Mein Blick geradeaus, starre Mimik. Bloß niemandem ins Gesicht sehen, auf keinen Fall lächeln. Vor mir stehen drei Männer auf dem Gehweg, ich kann nicht mehr ausweichen. Zwei von ihnen lehnen links an einer Hauswand, einer steht rechts vor einer Reihe parkender Autos. Es sieht aus wie ein winziges Spalier. Ich muss zwischen ihnen hindurch, ich kann die Straßenseite nicht wechseln. Sie sehen mich, aber sie weichen nicht aus. Sie haben aufgehört zu reden. Als ich vorbei bin, höre ich einen von ihnen leise etwas sagen. Ich lausche nach Schritten. Niemand folgt mir. Ich spüre, wie die Anspannung nachlässt, mache die Musik wieder an, aber höre sie nur noch leise.

Jede Frau und jeder weiblich gelesene Mensch, den ich kenne, kennt solche Situationen auf dem nächtlichen Nachhauseweg. Wir verzichten auf unsere Lieblingsplaylist, um Geräusche hinter uns zu hören, wir beobachten Schatten und meiden dunkle Straßen oder Lücken zwischen Hecken. Wir tragen Pfefferspray bei uns oder umklammern unseren Schlüsselbund. Wir analysieren die S-Bahn-Station genau, bevor wir uns einen Platz zum Warten suchen und jemanden anrufen, wenn wir uns unwohl oder beobachtet fühlen. Oder wir tun einfach so: führen Selbstgespräche mit dem Handy am Ohr, damit wir uns sicherer fühlen.

Am 3. März besuchte die Britin Sarah Everard eine Freundin und lief nachts durch London nach Hause. Dort kam sie nie an. Am 10. März fand man die Leiche der 33-Jährigen in einem Waldstück abseits der Stadt. Ein Polizist soll die junge Frau getötet haben.

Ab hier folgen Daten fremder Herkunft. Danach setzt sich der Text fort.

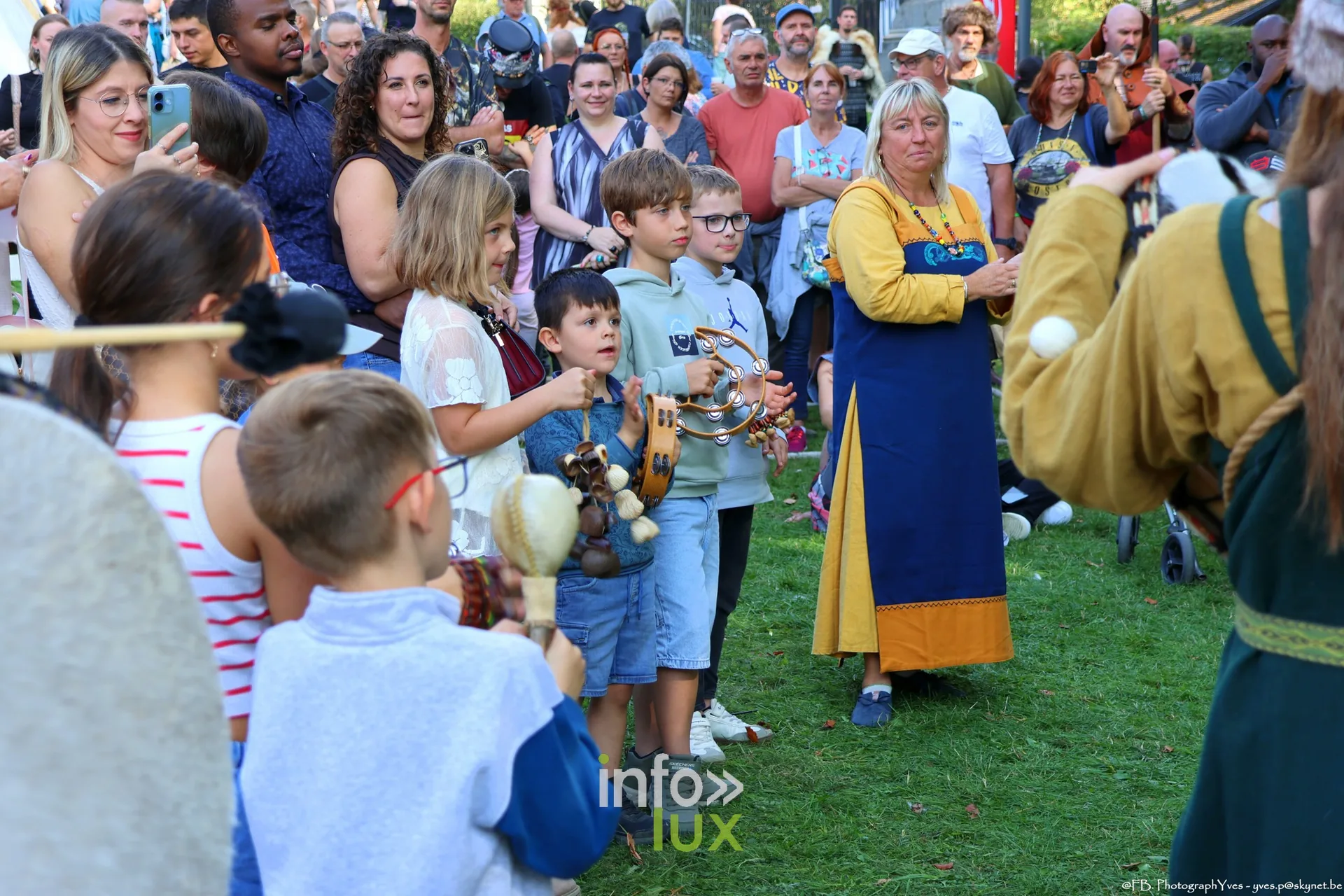 Enfants et parents autour d’une animation musicale, Valhalla Days 2026 à Ciney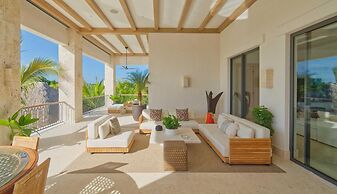 Luxury Villa With Heated Pool Jacuzzi Full Staff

Nach dem Mord kam es zu einer Welle der Empörung auf den Straßen Londons und in den sozialen Netzwerken weit über die Landesgrenzen hinaus. Wie kann es sein, dass Frauen und weiblich gelesene Menschen 2021 immer noch Angst haben müssen, wenn sie alleine nach Hause gehen?

Die Angst, die in solchen Momenten leise in mir hochkriecht, ist die Angst vor Gewalt. Der Gedanke an das, was Menschen wie Sarah passiert ist, was mir auch passieren könnte.

Denn es geht nicht darum, was sie von mir unterscheidet, nicht darum, was sie anhatte in dieser Nacht, warum sie kein Taxi gerufen hat oder um andere Thesen aus dem 1×1 des Victim-Shamings. Das alles spielt keine Rolle. Es gibt einen viel banaleren Grund: wir sehen weiblich aus.

Wenn ich auf dem Nachhauseweg Angst habe, dann nicht vor anderen Frauen oder weiblich gelesenen Personen, nicht vor Gespenstern oder bellenden Hunden. Ich habe Angst vor Männern, vor ganz normalen Männern.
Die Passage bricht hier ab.